**Supplied information:**
-- Opening Marker --

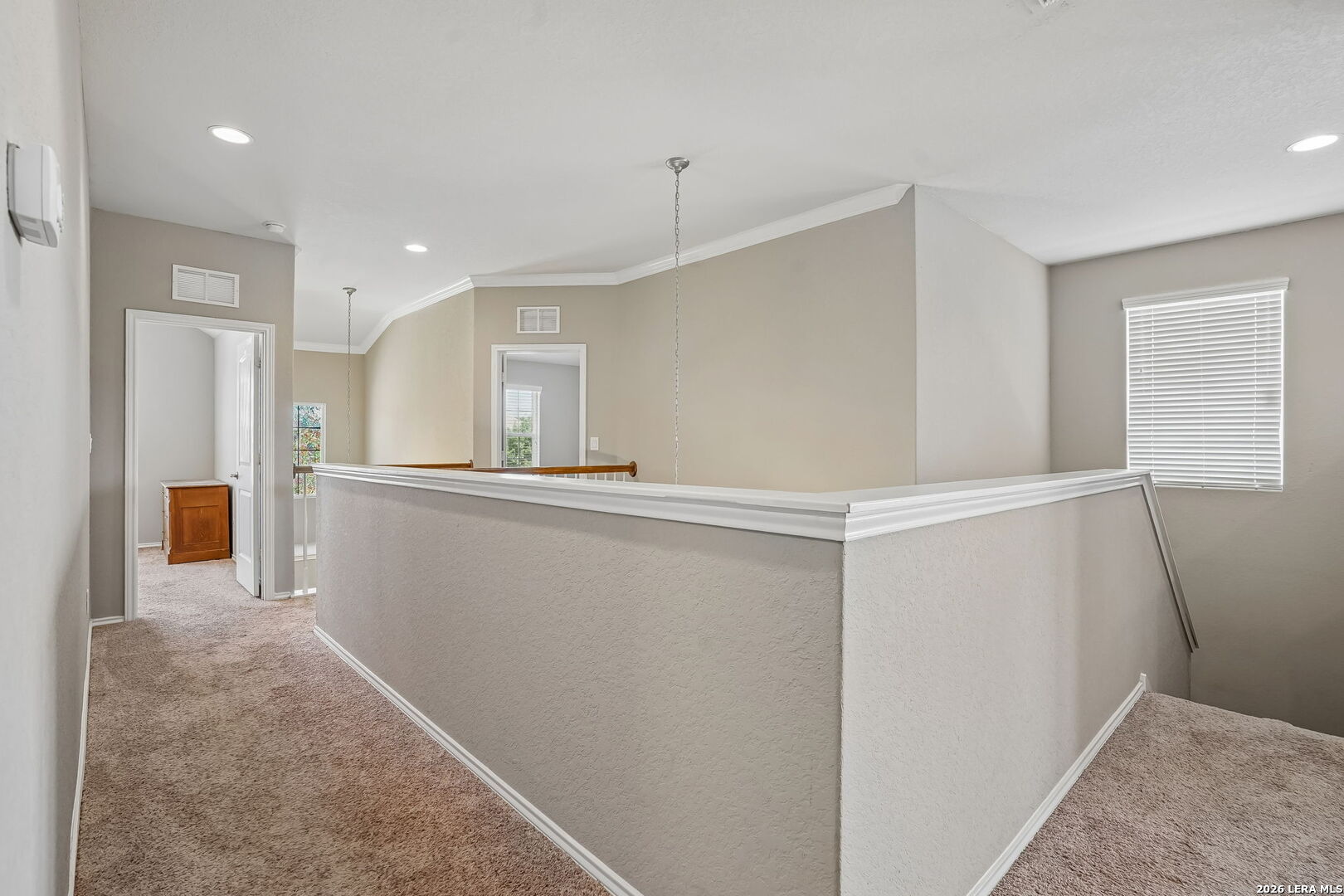 10858 Red Sage Helotes TX 78023
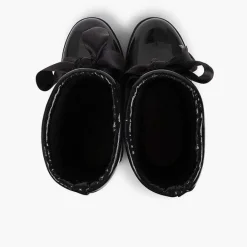 Botas De Agua<Pisamonas Botas De Agua Niña Camperas Tipo Charol De Igor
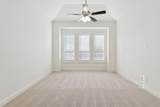 1433 5th Street - Photo 16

-- Closing Marker --

**What you need to do:** Are you able to set down all the lines above exactly, without any pictures?

**Answer section:**
 10858 Red Sage Helotes TX 78023
 Botas De Agua<Pisamonas Botas De Agua Niña Camperas Tipo Charol De Igor
 1433 5th Street - Photo 16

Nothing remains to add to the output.